● To do
Copy the listing verbatim, excluding any images found in it.

● Data segment
= Beginning of Section =
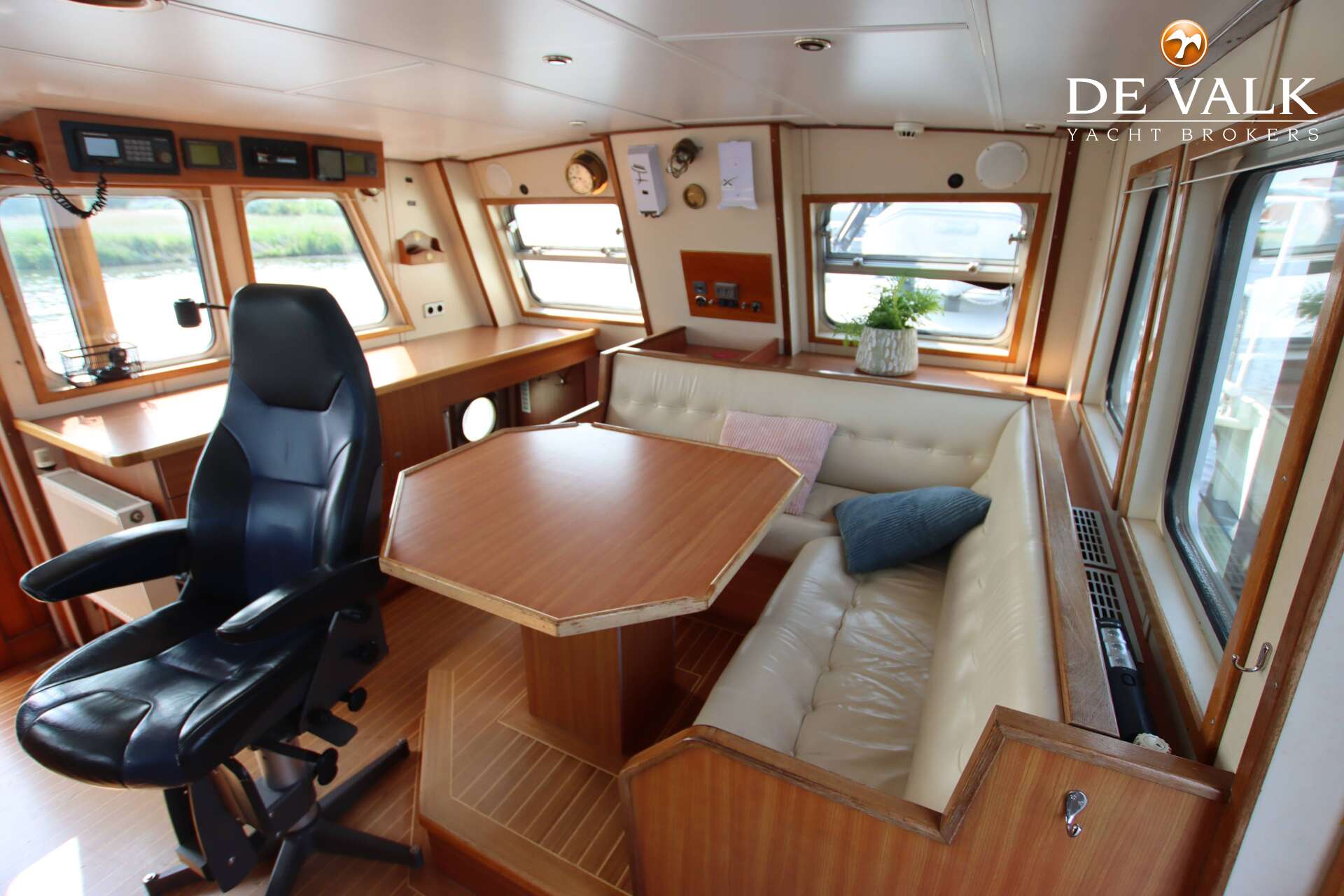 Bekebrede 1800 Explorer Trawler — foto 27 van 36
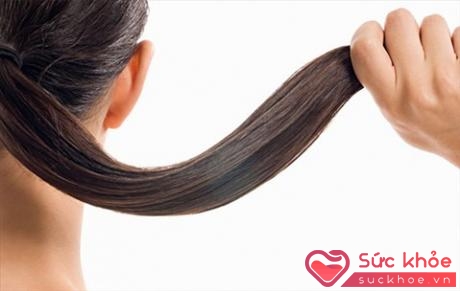 Ngoài tuổi tác, stress và hoóc-môn, rất nhiều vấn đề khác có thể gây nên tình trạng rụng tóc mà bạn không hề biết.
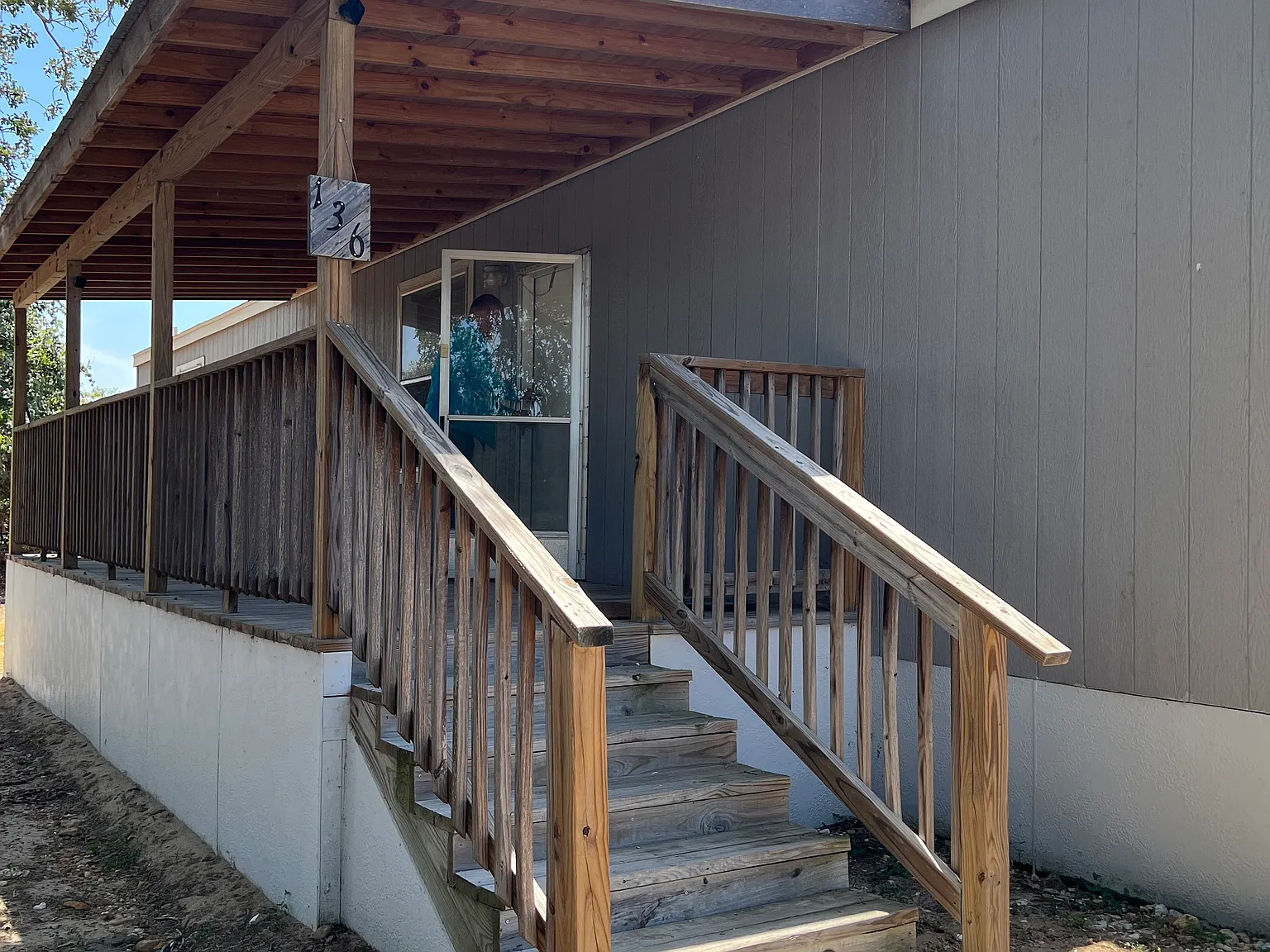 2 bed, 896 sqft, $1,350 — Photo 3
= End of Section =
● Answer space
 Bekebrede 1800 Explorer Trawler — foto 27 van 36
 Ngoài tuổi tác, stress và hoóc-môn, rất nhiều vấn đề khác có thể gây nên tình trạng rụng tóc mà bạn không hề biết.
 2 bed, 896 sqft, $1,350 — Photo 3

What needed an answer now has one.